Part 1 of 2 Gardengate – A Solution to the Housing Puzzle?
Part 2 of 2 Gardengate – What Residents and Whitehall Needs to Know
So. All interesting stuff innit? Problem being that our analysis of just one internal audit document has raised a number of questions (below), some of which call into question the way in Tower Hamlet Council operates.
A fundamental issue is how it is that most of the events in the audit document took place in 2017, the audit document was not written until October 2020 and this story is only being told in March 2022?
What has been happening with the housing programmes and other capital projects in the last five years? There is zero possibility that the issues exposed only happened in this particular case. None.
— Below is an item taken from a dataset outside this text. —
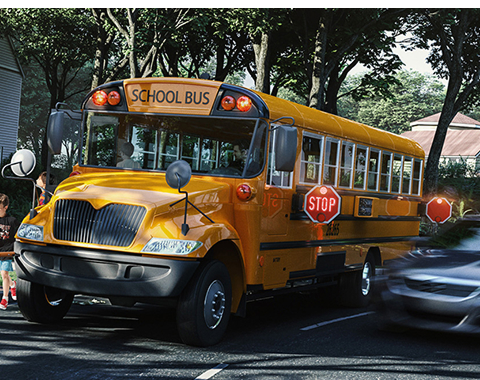 Aerial image of a car passing a bus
The main ramification of this is that Tower Hamlets Council has little to no control of its finances, especially when it comes to the Capital Budget. Which is pretty much everything.
Best value? Nowhere near. Anyway here are the questions we would like answering. What about you?
Mayor’s Executive Decision Number 176
- What was the need for urgency?
- Had this decision been discussed in Cabinet?
- Why are the details of this decision secret?
- Why the difference between the dates that senior officers signed the decision and the Mayor signed?
Deliberately Evading Scrutiny
- Why was this decision circulated to Councillors on a Friday evening and so after the deadline for questions at Council on 22nd November?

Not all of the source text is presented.